Otherwise, if \(L_{2}^{t-1}=\frac{p_{t-1}^{\max}}{s}\) and \(L_{2}^{t}=\frac{ \sigma_{p}}{1+s\cdot\sigma_{p}}P_{t}\), we have \(\frac{s\cdot\sigma_{p}}{1+s\cdot\sigma_{p}}P_{t} \geq p_{t}^{\max}\) but \(\frac{s\cdot\sigma_{p}}{1+s\cdot\sigma_{p}}P_{t-1} < p_{t-1}^{\max}\). We get \(L_{2}^{t}\geq\frac{p_{t}^{\max}}{s} \geq \frac{p_{t-1}^{\max}}{s} =L_{2}^{t-1}\) and \(L_{1}^{t}=\frac{1}{1+s\cdot\sigma_{p}}P_{t}\) while \(L_{1}^{t-1}<\frac{1}{1+s\cdot\sigma_{p}}P_{t-1}\), so \(L_{1}^{t-1}<L_{1}^{t}\).

Otherwise, we must have \(L_{2}^{t-1}=\frac{p_{t-1}^{\max}}{s}\) and \(L_{2}^{t}=\frac{p_{t}^{\max}}{s}\), and there are two cases. If \(p_{t}^{\max}=p_{t-1}^{\max}\) then \(L_{2}^{t}=L_{2}^{t-1}\), and \(L_{1}^{t}=P_{t}-p_{t}^{\max}=P_{t}-p_{t-1}^{\max}>P_{t-1}-p_{t-1}^{\max}=L_{1}^{t-1}\). Otherwise, \(p_{t}^{\max}=p_{t}\) and \(p_{t}^{\max}>p_{t-1}^{\max}\). Thus \(L_{2}^{t-1}<L_{2}^{t}\) and \(L_{1}^{t-1}=P_{t-1}-p_{t-1}^{\max}\) while \(L_{1}^{t}=P_{t-1}\), so \(L_{1}^{t}>L_{1}^{t-1}\). □

We show that given an optimal schedule for t−1 jobs, it can be modified using a migration factor of 1 into an optimal schedule for t jobs. The new machine loads \(L_{1}^{t}\) and \(L_{2}^{t}\) are computed first, and the assignment of the new job and the modification of the schedule are based on their values.

Case 1. The load of the second machine does not change, that is, \({L_{2}^{t}=L_{2}^{t-1}}\)

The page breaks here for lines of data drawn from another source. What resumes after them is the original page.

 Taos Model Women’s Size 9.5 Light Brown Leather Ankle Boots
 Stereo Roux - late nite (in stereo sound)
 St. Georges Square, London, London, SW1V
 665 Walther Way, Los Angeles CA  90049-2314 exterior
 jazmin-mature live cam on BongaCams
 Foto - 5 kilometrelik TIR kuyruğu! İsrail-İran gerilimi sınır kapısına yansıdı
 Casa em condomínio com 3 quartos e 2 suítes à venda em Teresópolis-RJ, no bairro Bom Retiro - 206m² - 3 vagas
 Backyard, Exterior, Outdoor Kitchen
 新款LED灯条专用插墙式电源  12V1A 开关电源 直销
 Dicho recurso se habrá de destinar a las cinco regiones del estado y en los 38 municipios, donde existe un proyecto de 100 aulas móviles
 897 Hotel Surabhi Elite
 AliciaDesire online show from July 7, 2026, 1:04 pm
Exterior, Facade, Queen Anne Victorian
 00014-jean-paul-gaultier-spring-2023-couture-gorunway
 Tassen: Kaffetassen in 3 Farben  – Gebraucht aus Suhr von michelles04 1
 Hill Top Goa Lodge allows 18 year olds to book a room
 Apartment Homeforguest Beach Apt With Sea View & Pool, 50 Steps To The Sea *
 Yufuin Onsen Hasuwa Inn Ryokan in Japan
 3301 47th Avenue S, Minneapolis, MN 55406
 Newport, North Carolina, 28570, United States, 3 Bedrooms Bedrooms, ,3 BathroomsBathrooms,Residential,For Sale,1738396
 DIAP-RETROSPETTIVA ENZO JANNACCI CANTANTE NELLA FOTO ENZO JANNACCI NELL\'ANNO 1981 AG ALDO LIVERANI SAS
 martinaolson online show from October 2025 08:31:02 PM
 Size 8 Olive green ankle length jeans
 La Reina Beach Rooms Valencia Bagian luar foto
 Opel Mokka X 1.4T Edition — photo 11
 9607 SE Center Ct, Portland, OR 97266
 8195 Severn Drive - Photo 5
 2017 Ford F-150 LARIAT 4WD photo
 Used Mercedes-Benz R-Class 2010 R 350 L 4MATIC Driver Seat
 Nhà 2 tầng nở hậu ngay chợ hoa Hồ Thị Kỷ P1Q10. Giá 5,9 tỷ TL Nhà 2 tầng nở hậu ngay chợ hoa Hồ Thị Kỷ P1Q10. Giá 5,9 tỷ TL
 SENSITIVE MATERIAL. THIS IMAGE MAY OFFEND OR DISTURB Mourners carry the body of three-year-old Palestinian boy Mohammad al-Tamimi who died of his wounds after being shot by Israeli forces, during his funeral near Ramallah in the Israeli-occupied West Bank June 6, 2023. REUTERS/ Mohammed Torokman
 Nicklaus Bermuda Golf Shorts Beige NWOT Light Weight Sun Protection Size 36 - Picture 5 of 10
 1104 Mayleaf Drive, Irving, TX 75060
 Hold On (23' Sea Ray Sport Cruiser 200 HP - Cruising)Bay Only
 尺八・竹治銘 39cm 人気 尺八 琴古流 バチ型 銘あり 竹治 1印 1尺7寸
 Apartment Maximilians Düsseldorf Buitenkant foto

In this case, in both opt t−1 and opt t , the second machine runs a single job, which is not the new job. In this case, the new job is assigned non-preemptively to the first machine, to run during the time slot \([L_{1}^{t-1},L_{1}^{t}]\). No new preemptions are introduced, and no further modifications are applied.

Case 2. The new job needs to run alone on the second machine, that is, \({L_{2}^{t}=\frac{p_{t}}{s}}\)

In this case, all parts of jobs previously assigned to run on the second machine are moved to the first machine to run during the time slot \([L_{1}^{t-1},L_{1}^{t}]\), and the new job is assigned to the second machine during the time slot \([0,L_{2}^{t}]\). The total size of the migrating jobs is at most \(sL_{2}^{t-1} \leq sL_{2}^{t}=p^{t}\). No new preemptions are introduced.

In the remaining cases we have \(L_{2}^{t}=\frac{ \sigma_{p}}{1+s\cdot\sigma_{p}}P_{t}\) and \(L_{1}^{t}=\frac{1}{1+s\cdot\sigma_{p}}P_{t}\).

Case 3. The new job is sufficiently small to run alone on the slow machines, that is, \({p_{t} \leq L_{1}^{t}}\)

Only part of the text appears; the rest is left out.